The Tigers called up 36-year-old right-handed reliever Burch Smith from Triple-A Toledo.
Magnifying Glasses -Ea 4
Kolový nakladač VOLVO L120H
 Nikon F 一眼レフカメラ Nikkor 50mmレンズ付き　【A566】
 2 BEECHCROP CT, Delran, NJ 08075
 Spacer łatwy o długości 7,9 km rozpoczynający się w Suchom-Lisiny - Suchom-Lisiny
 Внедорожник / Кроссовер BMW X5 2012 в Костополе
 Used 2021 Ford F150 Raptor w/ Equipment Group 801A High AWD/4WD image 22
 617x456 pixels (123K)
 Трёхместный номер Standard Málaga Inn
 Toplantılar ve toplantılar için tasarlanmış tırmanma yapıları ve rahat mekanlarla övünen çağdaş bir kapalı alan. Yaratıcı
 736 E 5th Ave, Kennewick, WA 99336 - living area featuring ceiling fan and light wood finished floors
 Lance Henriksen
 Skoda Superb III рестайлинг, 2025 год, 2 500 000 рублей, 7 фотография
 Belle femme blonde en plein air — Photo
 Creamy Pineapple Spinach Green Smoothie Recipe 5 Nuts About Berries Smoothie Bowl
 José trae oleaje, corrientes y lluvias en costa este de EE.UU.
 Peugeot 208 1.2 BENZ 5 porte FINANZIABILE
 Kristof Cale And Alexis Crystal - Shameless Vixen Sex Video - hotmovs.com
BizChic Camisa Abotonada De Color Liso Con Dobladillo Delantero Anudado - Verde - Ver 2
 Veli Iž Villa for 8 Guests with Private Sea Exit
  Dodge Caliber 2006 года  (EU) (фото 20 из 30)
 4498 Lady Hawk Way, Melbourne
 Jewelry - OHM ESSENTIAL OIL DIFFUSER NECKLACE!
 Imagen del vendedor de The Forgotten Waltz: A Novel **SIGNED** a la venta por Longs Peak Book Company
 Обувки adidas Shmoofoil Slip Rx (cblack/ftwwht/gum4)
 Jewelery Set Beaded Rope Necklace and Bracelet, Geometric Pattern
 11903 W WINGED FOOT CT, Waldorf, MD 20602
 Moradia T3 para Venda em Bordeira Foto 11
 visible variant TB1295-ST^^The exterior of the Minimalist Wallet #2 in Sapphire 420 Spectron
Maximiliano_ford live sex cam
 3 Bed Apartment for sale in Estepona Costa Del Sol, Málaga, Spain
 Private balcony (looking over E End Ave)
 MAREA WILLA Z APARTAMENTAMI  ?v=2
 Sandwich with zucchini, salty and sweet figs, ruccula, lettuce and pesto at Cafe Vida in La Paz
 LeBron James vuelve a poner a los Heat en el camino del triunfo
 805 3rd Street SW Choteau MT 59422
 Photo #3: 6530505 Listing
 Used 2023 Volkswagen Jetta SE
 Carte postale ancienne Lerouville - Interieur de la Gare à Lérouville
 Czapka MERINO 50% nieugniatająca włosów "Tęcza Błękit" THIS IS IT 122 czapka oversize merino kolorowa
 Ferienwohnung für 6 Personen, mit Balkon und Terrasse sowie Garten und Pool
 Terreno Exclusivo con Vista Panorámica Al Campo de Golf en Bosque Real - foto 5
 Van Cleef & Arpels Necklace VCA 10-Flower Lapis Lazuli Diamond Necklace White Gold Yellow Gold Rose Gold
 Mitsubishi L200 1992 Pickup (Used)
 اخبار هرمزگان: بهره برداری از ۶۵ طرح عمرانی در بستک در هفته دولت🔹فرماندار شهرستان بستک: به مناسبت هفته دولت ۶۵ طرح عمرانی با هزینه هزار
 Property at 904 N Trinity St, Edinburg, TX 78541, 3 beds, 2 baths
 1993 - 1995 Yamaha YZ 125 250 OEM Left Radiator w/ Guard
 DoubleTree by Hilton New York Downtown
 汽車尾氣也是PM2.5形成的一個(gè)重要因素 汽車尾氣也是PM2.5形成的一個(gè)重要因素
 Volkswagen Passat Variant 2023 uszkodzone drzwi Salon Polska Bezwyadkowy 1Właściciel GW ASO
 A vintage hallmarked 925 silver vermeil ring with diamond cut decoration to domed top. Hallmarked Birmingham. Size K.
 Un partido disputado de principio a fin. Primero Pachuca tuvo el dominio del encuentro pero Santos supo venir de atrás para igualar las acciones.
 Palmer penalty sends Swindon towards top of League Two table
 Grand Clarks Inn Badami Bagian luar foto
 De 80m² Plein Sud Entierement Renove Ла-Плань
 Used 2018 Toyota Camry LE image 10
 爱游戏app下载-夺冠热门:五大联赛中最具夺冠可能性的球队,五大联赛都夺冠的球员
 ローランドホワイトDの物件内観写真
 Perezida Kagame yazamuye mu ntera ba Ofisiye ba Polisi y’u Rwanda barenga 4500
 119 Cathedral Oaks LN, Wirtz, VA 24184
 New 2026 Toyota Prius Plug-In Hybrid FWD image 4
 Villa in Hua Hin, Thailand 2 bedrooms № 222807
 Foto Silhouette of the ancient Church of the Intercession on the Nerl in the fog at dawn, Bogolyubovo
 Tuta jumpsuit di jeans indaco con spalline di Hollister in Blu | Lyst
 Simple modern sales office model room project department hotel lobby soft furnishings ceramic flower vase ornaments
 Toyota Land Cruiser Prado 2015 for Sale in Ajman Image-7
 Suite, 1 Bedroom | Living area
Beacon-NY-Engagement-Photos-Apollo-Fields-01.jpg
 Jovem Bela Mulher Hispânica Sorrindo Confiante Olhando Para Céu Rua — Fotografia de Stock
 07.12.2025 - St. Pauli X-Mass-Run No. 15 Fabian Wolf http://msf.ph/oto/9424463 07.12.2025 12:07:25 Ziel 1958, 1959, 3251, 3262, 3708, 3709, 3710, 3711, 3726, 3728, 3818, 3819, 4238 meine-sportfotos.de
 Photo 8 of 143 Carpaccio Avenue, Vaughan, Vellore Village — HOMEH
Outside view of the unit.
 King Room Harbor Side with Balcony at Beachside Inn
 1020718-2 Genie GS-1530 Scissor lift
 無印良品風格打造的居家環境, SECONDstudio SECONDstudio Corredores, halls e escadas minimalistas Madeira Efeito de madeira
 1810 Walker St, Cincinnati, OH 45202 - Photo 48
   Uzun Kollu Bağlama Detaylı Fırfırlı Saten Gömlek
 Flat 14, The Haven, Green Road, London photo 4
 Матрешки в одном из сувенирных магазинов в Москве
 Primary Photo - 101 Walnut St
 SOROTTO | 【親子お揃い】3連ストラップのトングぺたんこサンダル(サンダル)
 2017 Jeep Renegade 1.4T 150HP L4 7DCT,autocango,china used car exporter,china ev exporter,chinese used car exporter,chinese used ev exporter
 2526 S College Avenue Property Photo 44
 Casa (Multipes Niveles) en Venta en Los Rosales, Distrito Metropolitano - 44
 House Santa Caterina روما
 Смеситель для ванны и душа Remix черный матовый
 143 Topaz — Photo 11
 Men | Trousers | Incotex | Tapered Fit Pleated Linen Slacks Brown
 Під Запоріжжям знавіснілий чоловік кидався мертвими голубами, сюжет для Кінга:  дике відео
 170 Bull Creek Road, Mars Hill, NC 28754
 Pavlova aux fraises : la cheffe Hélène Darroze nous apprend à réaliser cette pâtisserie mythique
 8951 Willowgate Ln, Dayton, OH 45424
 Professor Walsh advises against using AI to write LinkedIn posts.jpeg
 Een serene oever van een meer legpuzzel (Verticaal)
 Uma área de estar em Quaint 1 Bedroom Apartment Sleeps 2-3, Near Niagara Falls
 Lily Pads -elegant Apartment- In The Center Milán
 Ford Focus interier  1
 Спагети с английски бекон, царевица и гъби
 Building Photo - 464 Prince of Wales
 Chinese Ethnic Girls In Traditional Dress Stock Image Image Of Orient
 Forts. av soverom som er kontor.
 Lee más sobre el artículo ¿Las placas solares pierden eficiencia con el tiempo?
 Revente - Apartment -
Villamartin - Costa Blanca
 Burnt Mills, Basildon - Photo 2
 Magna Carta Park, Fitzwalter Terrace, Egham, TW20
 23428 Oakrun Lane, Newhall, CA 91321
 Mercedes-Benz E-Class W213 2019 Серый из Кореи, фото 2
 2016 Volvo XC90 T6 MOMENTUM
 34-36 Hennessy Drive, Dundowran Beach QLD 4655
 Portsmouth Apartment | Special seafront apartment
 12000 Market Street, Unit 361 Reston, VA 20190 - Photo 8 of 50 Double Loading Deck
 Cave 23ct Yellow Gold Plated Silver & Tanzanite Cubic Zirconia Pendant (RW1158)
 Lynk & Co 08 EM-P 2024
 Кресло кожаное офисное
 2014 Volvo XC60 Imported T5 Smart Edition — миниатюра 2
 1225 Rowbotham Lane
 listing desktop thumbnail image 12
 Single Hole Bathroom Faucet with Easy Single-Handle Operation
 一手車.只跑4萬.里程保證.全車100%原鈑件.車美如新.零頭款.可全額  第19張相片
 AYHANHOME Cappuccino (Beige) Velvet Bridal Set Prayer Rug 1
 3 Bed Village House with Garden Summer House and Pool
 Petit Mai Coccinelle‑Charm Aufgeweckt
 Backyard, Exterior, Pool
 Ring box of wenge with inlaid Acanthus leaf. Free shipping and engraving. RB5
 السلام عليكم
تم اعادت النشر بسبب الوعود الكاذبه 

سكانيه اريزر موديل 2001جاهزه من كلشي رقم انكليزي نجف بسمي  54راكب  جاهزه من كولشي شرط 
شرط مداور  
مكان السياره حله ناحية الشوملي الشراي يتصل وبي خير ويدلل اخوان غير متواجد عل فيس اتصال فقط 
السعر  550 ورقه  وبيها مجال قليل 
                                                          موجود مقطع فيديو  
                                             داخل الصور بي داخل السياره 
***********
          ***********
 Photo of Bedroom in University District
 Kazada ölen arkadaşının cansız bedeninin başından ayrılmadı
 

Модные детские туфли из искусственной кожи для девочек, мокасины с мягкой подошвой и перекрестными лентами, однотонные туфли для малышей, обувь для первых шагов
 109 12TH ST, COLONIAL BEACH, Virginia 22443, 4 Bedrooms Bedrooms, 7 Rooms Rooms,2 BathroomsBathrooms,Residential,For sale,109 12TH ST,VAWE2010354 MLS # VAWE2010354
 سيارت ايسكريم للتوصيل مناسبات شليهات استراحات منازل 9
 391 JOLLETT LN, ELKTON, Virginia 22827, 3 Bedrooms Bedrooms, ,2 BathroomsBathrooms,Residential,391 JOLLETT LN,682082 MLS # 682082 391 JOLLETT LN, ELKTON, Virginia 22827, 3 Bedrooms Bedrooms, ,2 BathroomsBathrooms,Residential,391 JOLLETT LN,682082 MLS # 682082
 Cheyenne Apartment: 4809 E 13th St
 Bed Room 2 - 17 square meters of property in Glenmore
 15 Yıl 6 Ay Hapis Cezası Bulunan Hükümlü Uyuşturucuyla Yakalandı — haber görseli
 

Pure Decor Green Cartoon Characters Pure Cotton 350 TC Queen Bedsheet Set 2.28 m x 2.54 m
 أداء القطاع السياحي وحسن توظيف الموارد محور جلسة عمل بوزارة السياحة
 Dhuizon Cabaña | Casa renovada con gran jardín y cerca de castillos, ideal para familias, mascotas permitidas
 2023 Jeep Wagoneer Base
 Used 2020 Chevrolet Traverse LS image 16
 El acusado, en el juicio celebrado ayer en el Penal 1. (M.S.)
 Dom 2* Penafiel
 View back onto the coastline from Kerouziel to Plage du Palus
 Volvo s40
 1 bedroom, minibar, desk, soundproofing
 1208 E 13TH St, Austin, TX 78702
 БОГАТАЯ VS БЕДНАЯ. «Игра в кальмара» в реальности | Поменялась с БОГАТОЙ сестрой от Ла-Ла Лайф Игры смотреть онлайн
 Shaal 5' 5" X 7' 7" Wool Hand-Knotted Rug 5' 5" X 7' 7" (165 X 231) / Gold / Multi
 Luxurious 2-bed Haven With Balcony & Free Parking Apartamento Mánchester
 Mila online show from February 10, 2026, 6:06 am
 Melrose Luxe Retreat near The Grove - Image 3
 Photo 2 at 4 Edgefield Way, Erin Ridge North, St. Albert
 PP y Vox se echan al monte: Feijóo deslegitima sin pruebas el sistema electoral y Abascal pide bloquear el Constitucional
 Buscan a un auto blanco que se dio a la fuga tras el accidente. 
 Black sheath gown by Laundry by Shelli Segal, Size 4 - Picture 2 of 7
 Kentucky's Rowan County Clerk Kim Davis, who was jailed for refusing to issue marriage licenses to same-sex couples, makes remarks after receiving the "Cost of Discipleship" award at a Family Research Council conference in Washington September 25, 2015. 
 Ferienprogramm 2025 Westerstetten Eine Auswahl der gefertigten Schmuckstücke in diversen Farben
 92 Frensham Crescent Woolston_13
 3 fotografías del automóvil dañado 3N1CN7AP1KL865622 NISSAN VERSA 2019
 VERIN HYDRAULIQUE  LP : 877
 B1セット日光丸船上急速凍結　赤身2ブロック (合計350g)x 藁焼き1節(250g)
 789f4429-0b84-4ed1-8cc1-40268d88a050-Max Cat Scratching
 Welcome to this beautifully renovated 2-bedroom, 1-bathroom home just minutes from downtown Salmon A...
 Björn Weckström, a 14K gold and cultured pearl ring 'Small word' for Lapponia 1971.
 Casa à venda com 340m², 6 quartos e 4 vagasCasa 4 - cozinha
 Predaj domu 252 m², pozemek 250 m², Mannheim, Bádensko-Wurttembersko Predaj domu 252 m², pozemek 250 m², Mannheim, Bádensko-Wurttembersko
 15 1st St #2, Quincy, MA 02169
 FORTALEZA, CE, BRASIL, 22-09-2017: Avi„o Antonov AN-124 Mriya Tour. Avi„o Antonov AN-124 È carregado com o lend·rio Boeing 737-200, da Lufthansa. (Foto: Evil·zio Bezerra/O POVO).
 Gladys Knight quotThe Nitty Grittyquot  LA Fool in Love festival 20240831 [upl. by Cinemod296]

= = = =

_Problem to solve_
Return the lines above precisely as they appear, beginning at the first line and ending at the line with "Belle femme blonde en plein air — Photo", and nothing after it.

_Answer to the exercise_
The Tigers called up 36-year-old right-handed reliever Burch Smith from Triple-A Toledo.
Magnifying Glasses -Ea 4
Kolový nakladač VOLVO L120H
 Nikon F 一眼レフカメラ Nikkor 50mmレンズ付き　【A566】
 2 BEECHCROP CT, Delran, NJ 08075
 Spacer łatwy o długości 7,9 km rozpoczynający się w Suchom-Lisiny - Suchom-Lisiny
 Внедорожник / Кроссовер BMW X5 2012 в Костополе
 Used 2021 Ford F150 Raptor w/ Equipment Group 801A High AWD/4WD image 22
 617x456 pixels (123K)
 Трёхместный номер Standard Málaga Inn
 Toplantılar ve toplantılar için tasarlanmış tırmanma yapıları ve rahat mekanlarla övünen çağdaş bir kapalı alan. Yaratıcı
 736 E 5th Ave, Kennewick, WA 99336 - living area featuring ceiling fan and light wood finished floors
 Lance Henriksen
 Skoda Superb III рестайлинг, 2025 год, 2 500 000 рублей, 7 фотография
 Belle femme blonde en plein air — Photo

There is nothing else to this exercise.